Currently if we want to use Horizontal Pod autoscaling in kubernetes we need to specify following for the service we want to do :
Limits:
cpu: 150m
memory: 150Mi
Requests:
cpu: 42m
memory: 50Mi
I have some services which all can be scaled using HPA.
Can we over-provision these services? Like these services resource addition goes beyond the total resources available from the VM.
Consider a situation where : suppose the requests of the pods is within the total available CPU but the limit is beyond it
for example:
Total available CPU is 1000m cores, 2 pods with 500m cores requests each and limit 1000m each.
First thing can I set this limit like 1000m each if the total is only 1000m ?
If yes? Update2: < I think we can do it as I did an experiment shown below in image >
Now if pod 2 is not using its whole 500m cores of CPU and pod one has reached its total requested limit of 500m,
can this pod now use beyond 500m cores which are not utilized by the 2nd one as the limit is set to 1000 ?
If no? Update2: I guess this is not valid anymore
Then I guess over provisioning cannot be done ?
Let's start with a brief explanation of Autoscaling Algorithm:
Once per 30 seconds(--horizontal-pod-autoscaler-sync-period
default value), an autoscaler control loop queues pods and collects their CPU utilization. Then, it compares the arithmetic mean of this value to the configured threshold and adjusts the number of replicas to match the desired target of CPU utilization. CPU utilization is an average across last 1 minute CPU usage of a pod divided by the CPU requested by the pod. Currently, CPU usage is taken from Heapster service (should be present in kube-system
namespace).
At this part, there is no use for resource requests, resource limits, and pod affinity. We only got the desired number of replicas. Then Scheduler takes its part in autoscaling process and starts scheduling pods according to replicas number. At this moment, resource requests, resource limits, and pod affinity are taken into account to decide to which node next pod replica will be deployed.
According to the above mentioned, you can have several deployments that can't be scaled up to the max replicas number at the same period of time. But in case of insufficient amount of resources, first who scales up - consumes the resources, any other pods which don't fit into the remaining resources won’t be scheduled until resources become free again.
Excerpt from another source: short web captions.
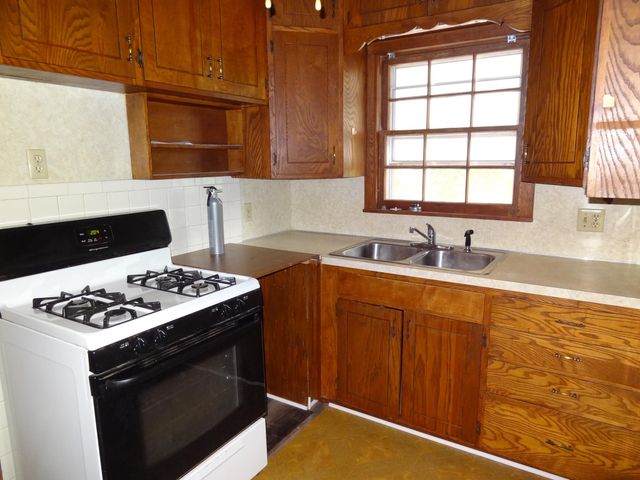 615 S Pershing, Wichita, KS 67218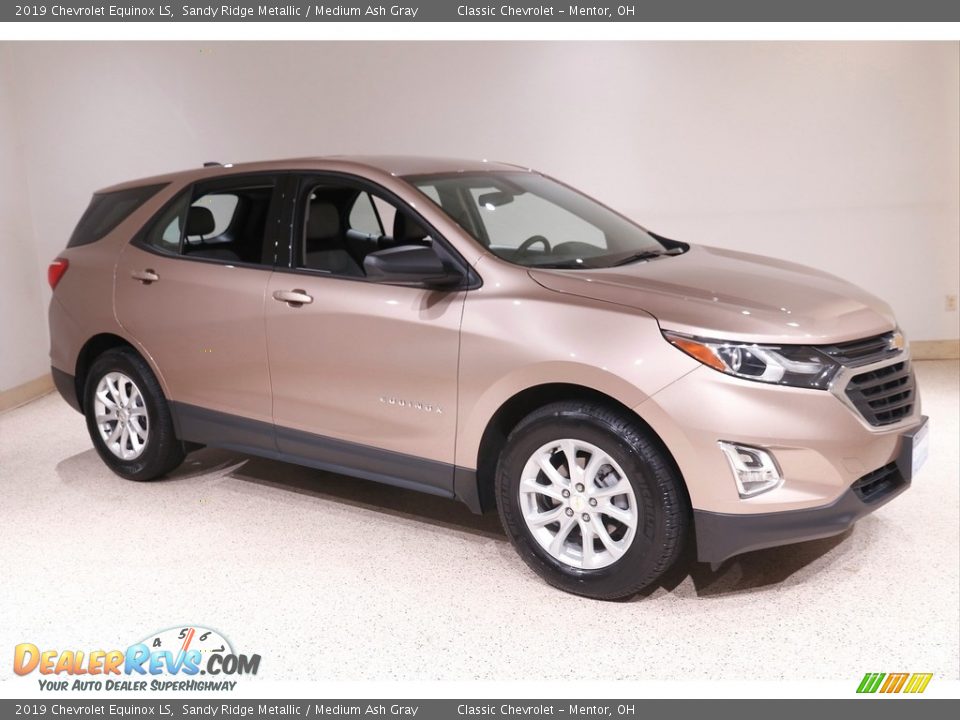 2019 Chevrolet Equinox LS Sandy Ridge Metallic / Medium Ash Gray Photo #1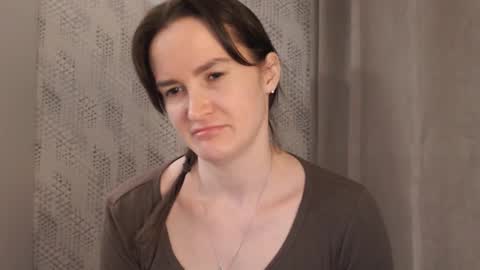 Snapshot of pineapple__mood chatting on 01-31-25, 05:21 online show from 01-31-25, 05:21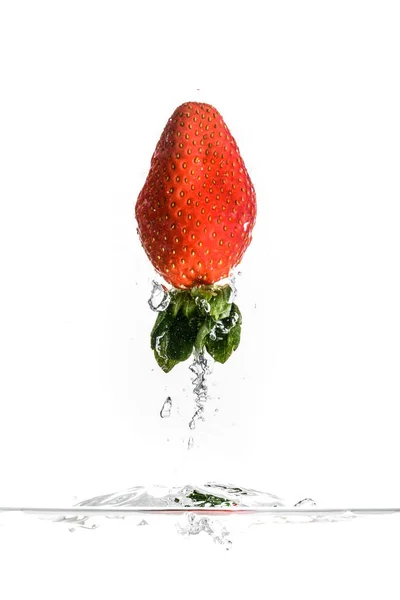 Fragola schizzi in acqua cristallina — Foto Stock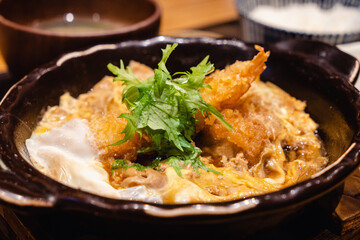 カツ煮　卵とじ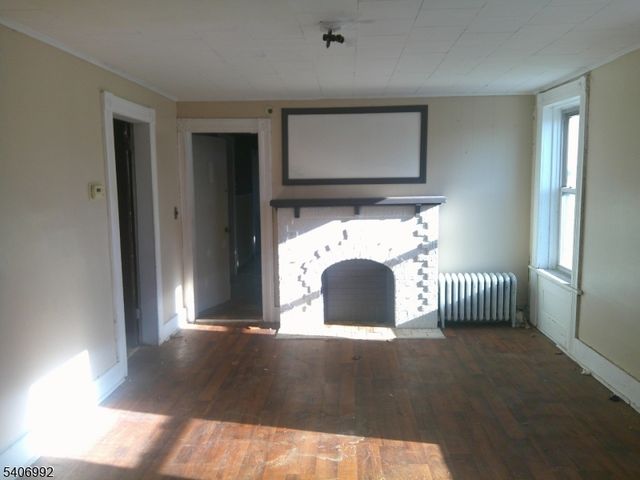 123 Nagle St, Paterson City, NJ 07501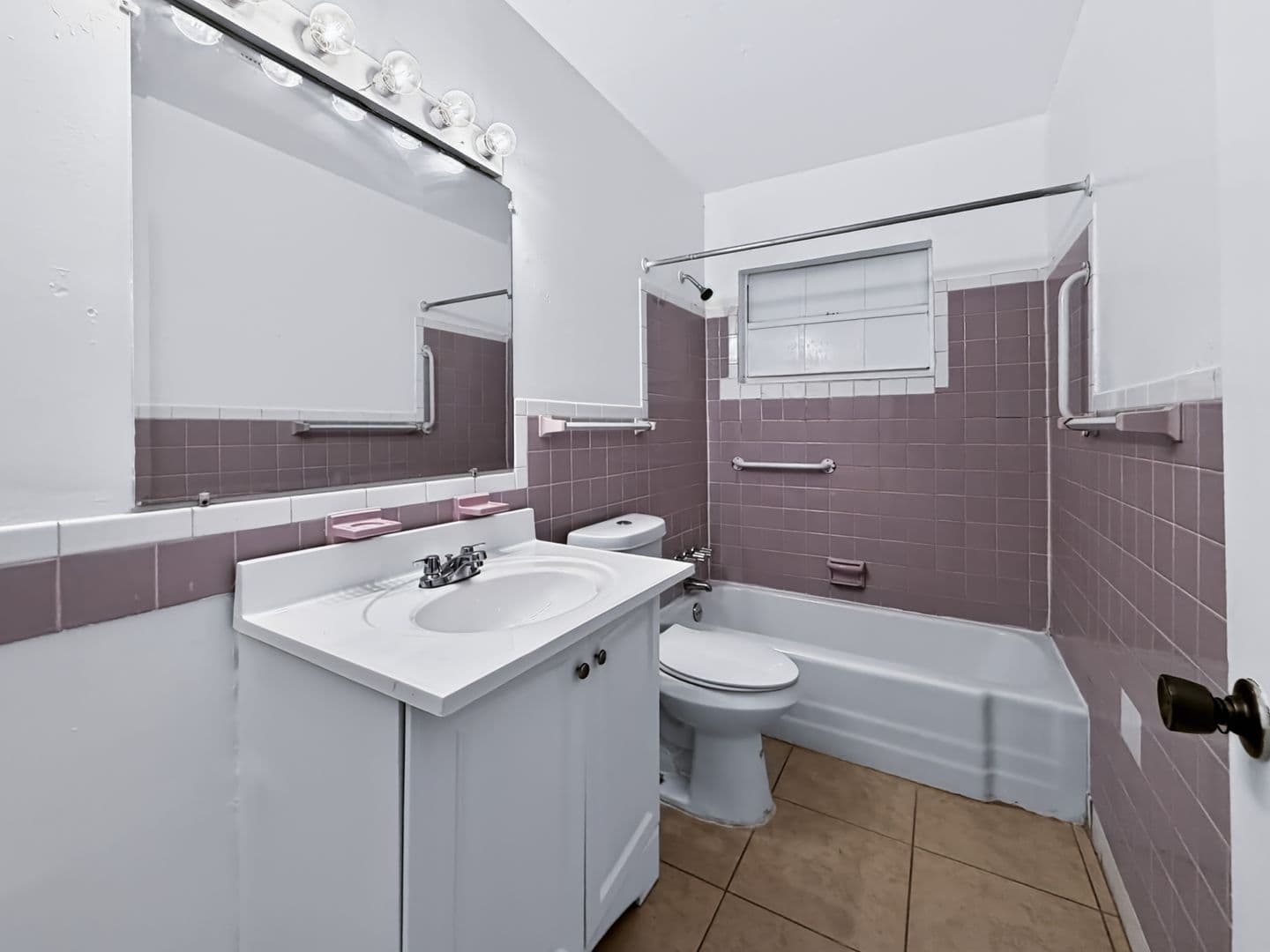 Tampa House: 3700 E Idlewild Ave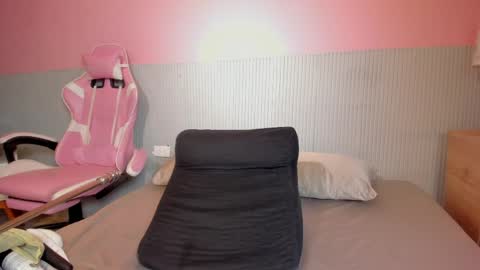 yeika_foxy online show from April 11, 2026, 11:36 am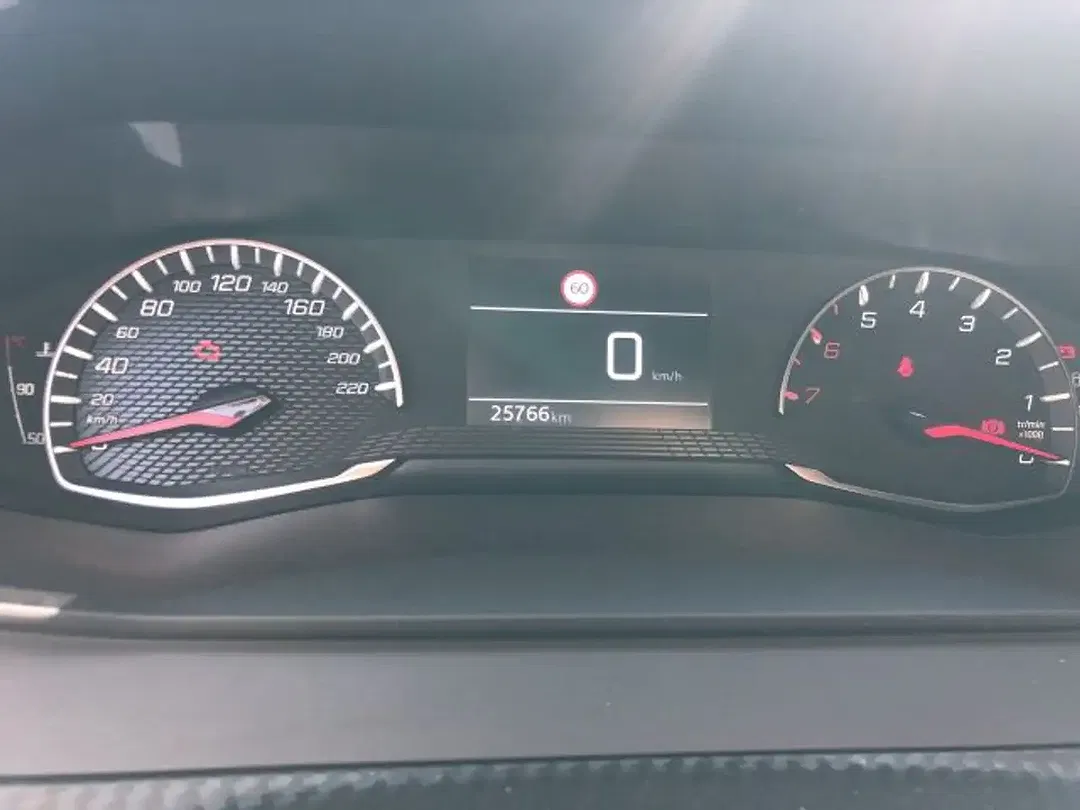 Peugeot 208 - Thumbnail 15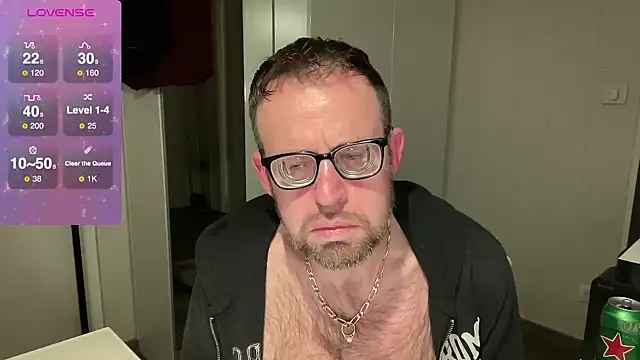 Snapshot of FABIOGLASSES chatting on February 10, 9:25 pm FABIOGLASSES online show from February 10, 9:25 pm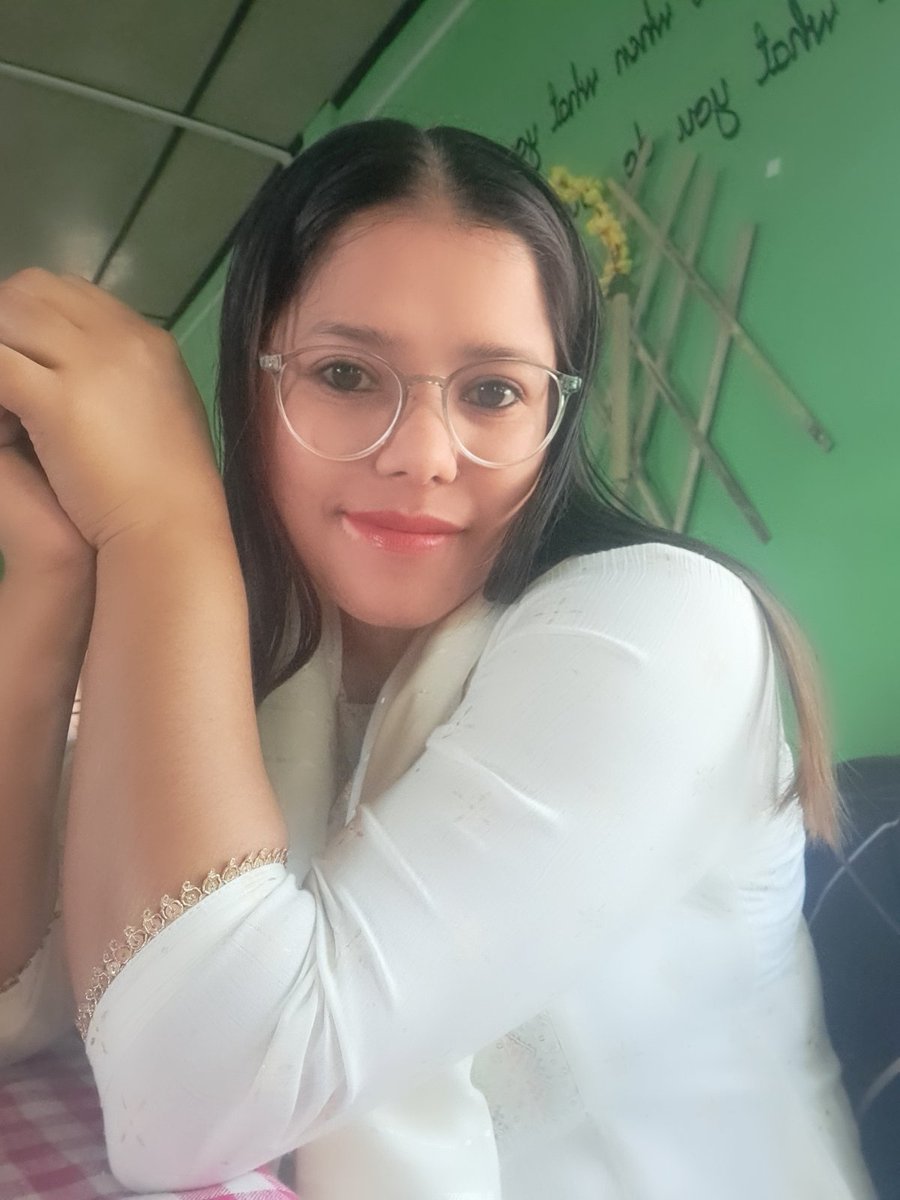 ChettriMerry's tweet photo. > Simply embracing the moment 😊
———————————————
#selfie #selfportrait #selflove #photooftheday #portraitphotography #happy #smile #instagood #me https://t.co/KXCmM3Ns1h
On GCP or GKE, you can use autoscaler to add new nodes to a cluster when you need more computing capacity and remove them when load comes down. That will help to avoid "overprovisioning" because you can always have the desired amount of computing capacity, not more, not less.
Update: Scheduler decides whether to run a pod based on available resources, default or configured limits set on the namespace, and pod affinity.
Limits work for each particular pod, limiting its resource consumption; they are not designed to limit summary resource consumption for several pods.
A pod is started with the amount of resources mentioned in the request.
For example, if you have 1000 CPU on the node and the pod requests 500 with limit 1000, the scheduler knows that other 500 are available even if the pod consumes all resources up to the limit at this moment. So, on the node with 1000 CPU available, you can have two pods started, with request 500 and limit 1000 each.